The previous government had set up the PK Sinha Committee to suggest measures to address structural issues affecting distressed thermal power projects. Of the several suggestions made by the committee, the government has picked up the issue of payment security.
To address the concerns around payment security, the government drew in load despatch centres by making despatch of power contingent on the issuance and validity of letters of credit (LCs) by distribution companies (discoms) to generation companies (gencos). The load despatch centres are permitted to despatch power only up to the quantity equivalent to the value of payment secured through the LC.
In the event of non-payment, gencos have the right to encash the LC after a period of 45-60 days, subject to the terms in the power purchase agreement (PPA). If the despatch or scheduling of electricity ceases due to non-provisioning of LCs or exhaustion of the limit, discoms now have to pay a fixed charge to gencos. Discoms are not permitted short-term open access for purchase of power from power exchanges during the period their despatch is not scheduled due to non-opening of LC or advance payment. This move will go a long way in reducing cash flow stress faced by a large number of gencos.
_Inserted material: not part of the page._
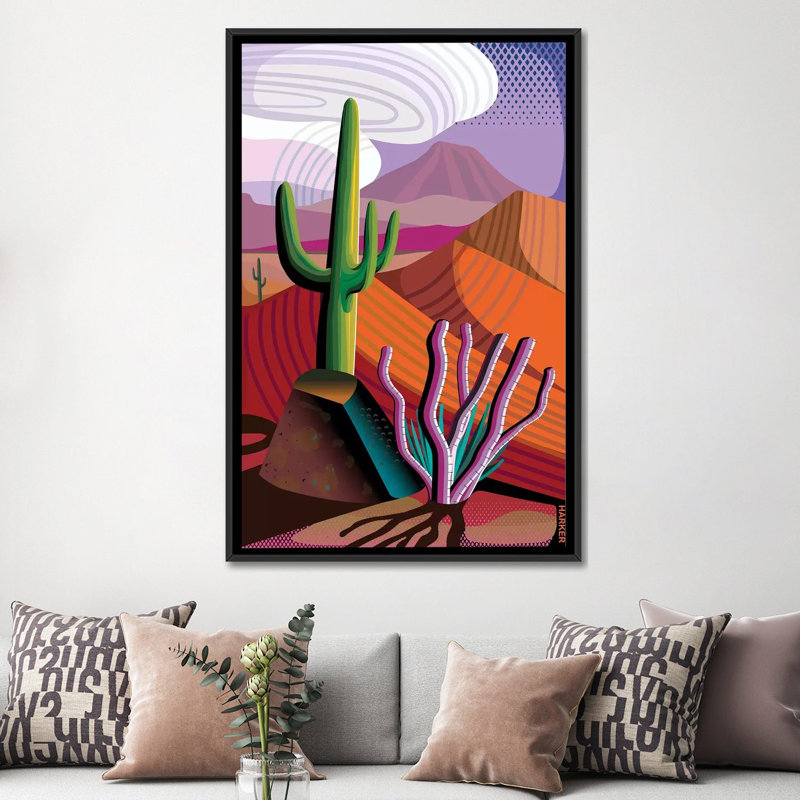 «Gila River Reserve», reproduction d'impression sur toile, H 26 po x l 18 po x P 1,5 po, Toile avec cadre noir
But a sector that is staring at the prospect of several bankruptcies, needs further support. The facility of a centralized public financial institution like Power Finance Corporation discounting invoices of the gencos and recovering the sums later from discoms will help. Central public sector undertakings like NTPC or NTPC Vidyut Vyapar Nigam acting as aggregators for purchasing power from other gencos through a transparent bidding process, at least till NTPC’s capacities are commissioned, may help put some life into stranded private sector power capacities. Ensuring that discoms are made to pay late payment surcharges will also help instil some discipline and improve financial viability and bankability of power projects.
Payment security models such as the one used by NTPC, involving a tripartite agreement with the Reserve Bank of India and the discom, which authorizes the central bank to debit the discom’s or state government’s account in the event of default could be considered for the private sector as well.
Another challenge that needs to be addressed by the government is in the hydropower sector. For several years, hydropower generation has suffered due to environmental and rehabilitation issues. Projects have become unviable due to cost overruns and lack of long-term PPAs. The sector has also suffered due to geopolitical issues, particularly linked to states such as Sikkim and Arunachal Pradesh. The government hopes to renew private interest in hydropower by notifying large projects as renewable power, however, structural issues in project development need to be addressed to attract private investment.
On the consumption side, reduction in goods and services tax on electric vehicles (EV), customs duty exemption on import of EV parts, and income tax deduction of `150,000 (US$2100) on purchase of EVs should help the sector. However, for an EV revolution to take effect, regulatory architecture may need altering. Mass adoption of EVs will pose challenges for grid stability and grid management. Regulatory flexibility will be required in permitting different pricing mechanisms for EV charging to ensure that the grid is not adversely impacted, while the price will have to be competitive compared with diesel and petrol. Pan-India open access, which is not burdened with cross-subsidy surcharges, should be implemented at least to charge infrastructure operators to ensure consistent supply of electricity at viable tariffs.
If India’s development story is to carry on, power generation and distribution need urgent attention. The former needs support of the ecosystem, and the latter needs disciplining. One hopes that the government is alive to these needs and will act sooner than later.